Desde otra mirada, la demolición mediática de adversarios políticos es la expresión de una vieja e infructuosa estrategia. En 1990, la prensa nacional y los grupos de poder la tomaron contra Alberto Fujimori por desafiar a Mario Vargas Llosa, y Fujimori ganó. En 2011 pasó lo mismo con Ollanta Humala, retratado como un nacionalista que llevaría al Perú a un nuevo velascato: Ollanta ganó y no hizo tal cosa. Nadie puede negar las pasiones y polarización que Alan García desata, pero la izquierda limeña, caja de resonancia de sus acusadores, debe aceptar que el autoconvencimiento no basta para demostrar la culpabilidad de nadie y que el debido proceso es una garantía fundamental que todos los ciudadanos merecen.
En un medio político menos caudillista y más institucional, el actual gobierno no se hubiese trazado la meta de forzar las reglas del juego democráticas a través de la política de “habilitar-inhabilitar” y las investigaciones contra el líder del APRA no se hubiesen visto empañadas por la sospecha de su condicionamiento político; en otras palabras, hubiesen podido revestirse de la legitimidad con la que hoy no cuentan. Por otro lado, gobierno y opinión pública se hubiesen concentrado en la agenda social y del desarrollo; de la lucha contra la pobreza y la inseguridad ciudadanas.

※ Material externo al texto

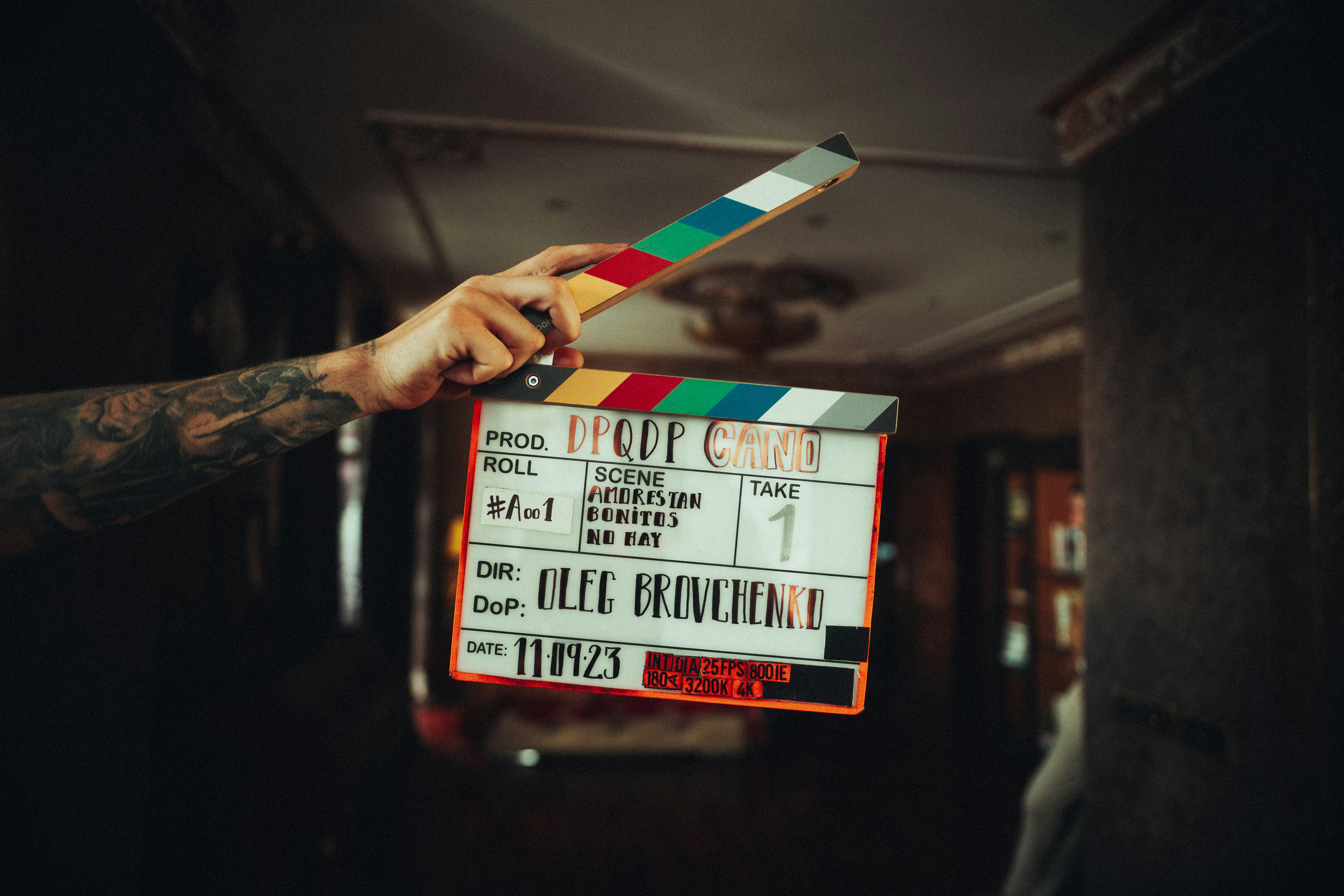 Documentary - The Canvas Motif portfolio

Al mismo tiempo, las bases nacionalistas hubiesen trabajado otra candidatura pensando en 2016, quien sabe si Marisol Espinoza o Daniel Abugattás.
Pero todo ello es mucho pedirle a un país que amalgama extrañamente caudillismo y democracia. Si la misma APRA, que se jacta de su organización, no pudo presentar en 2011 un candidato diferente a García, parece demasiado imaginar al nacionalismo eligiendo cívicamente un postulante a través del voto de sus militantes de base. Pero insistamos en que, por inalcanzable que parezca, el camino de las instituciones y del respeto de las reglas del juego democrático es el objetivo básico si queremos potenciar –y no echar por tierra- la agenda del desarrollo. El frenazo recientemente experimentado por nuestro crecimiento económico pide a gritos una política a la altura de las circunstancias.